## Dataset section
┌──
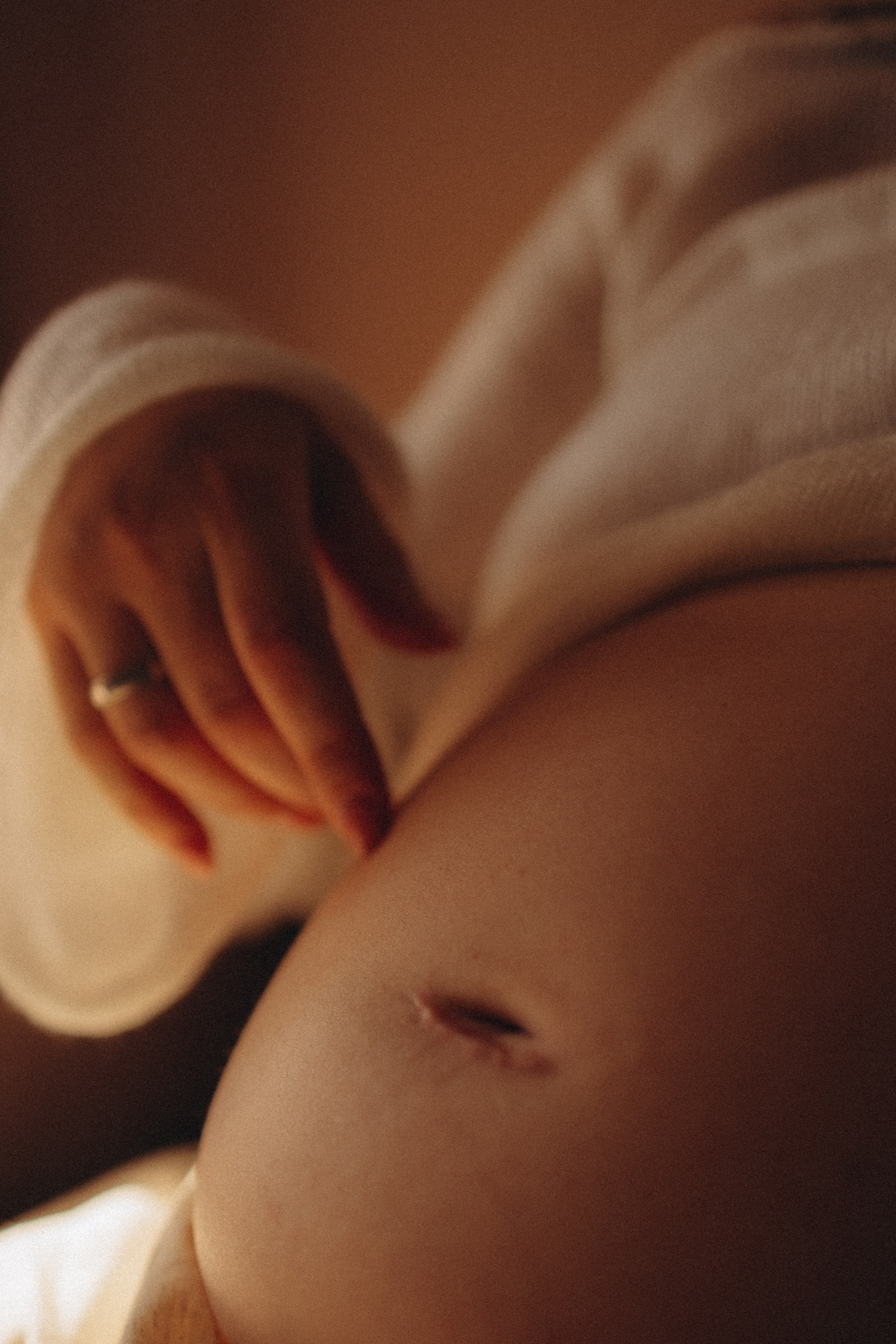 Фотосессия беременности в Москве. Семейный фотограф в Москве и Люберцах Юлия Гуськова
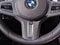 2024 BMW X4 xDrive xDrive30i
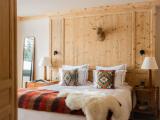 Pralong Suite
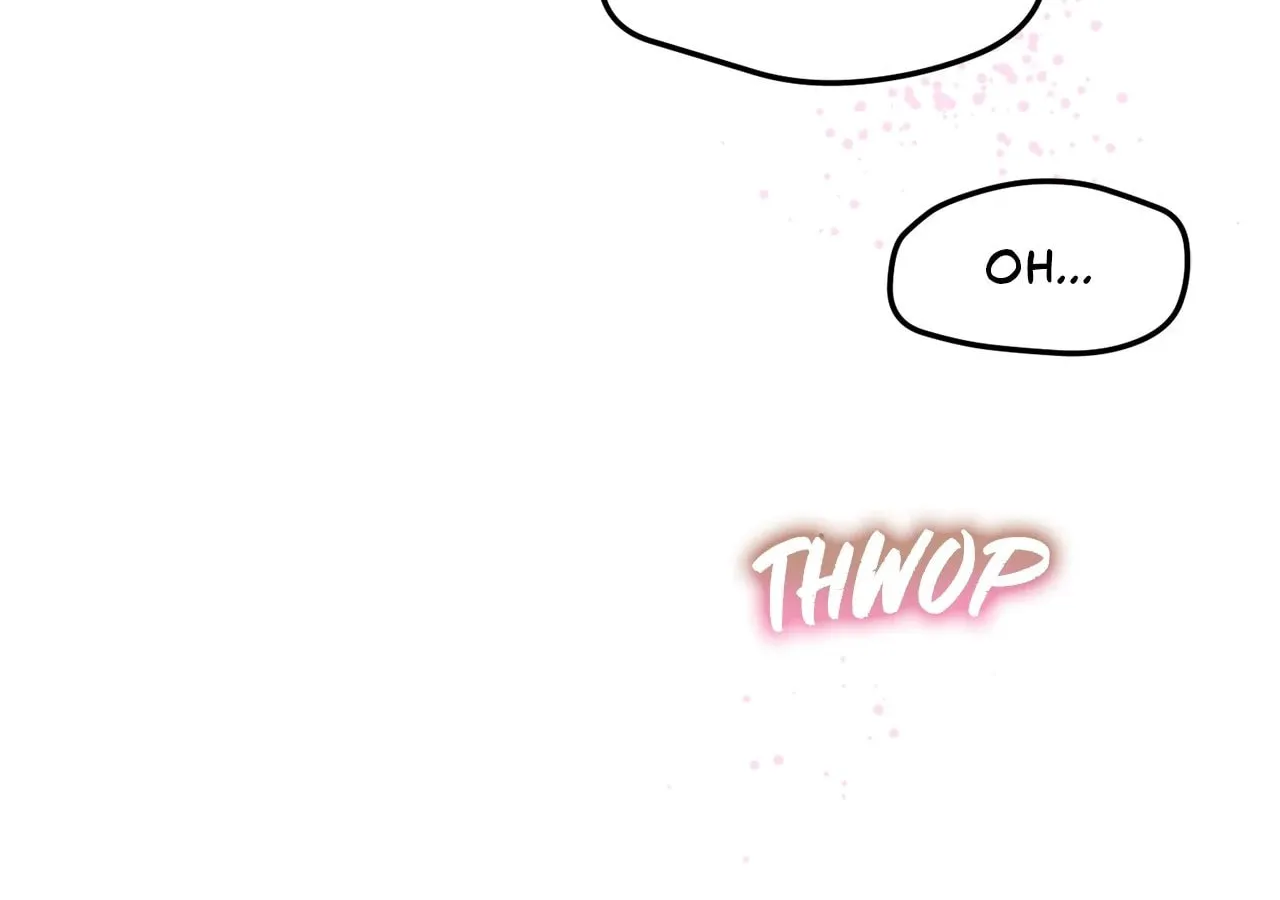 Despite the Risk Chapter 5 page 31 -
└──
Reproduce all lines above exactly. Leave the images out.

 Фотосессия беременности в Москве. Семейный фотограф в Москве и Люберцах Юлия Гуськова
 2024 BMW X4 xDrive xDrive30i
 Pralong Suite
 Despite the Risk Chapter 5 page 31 -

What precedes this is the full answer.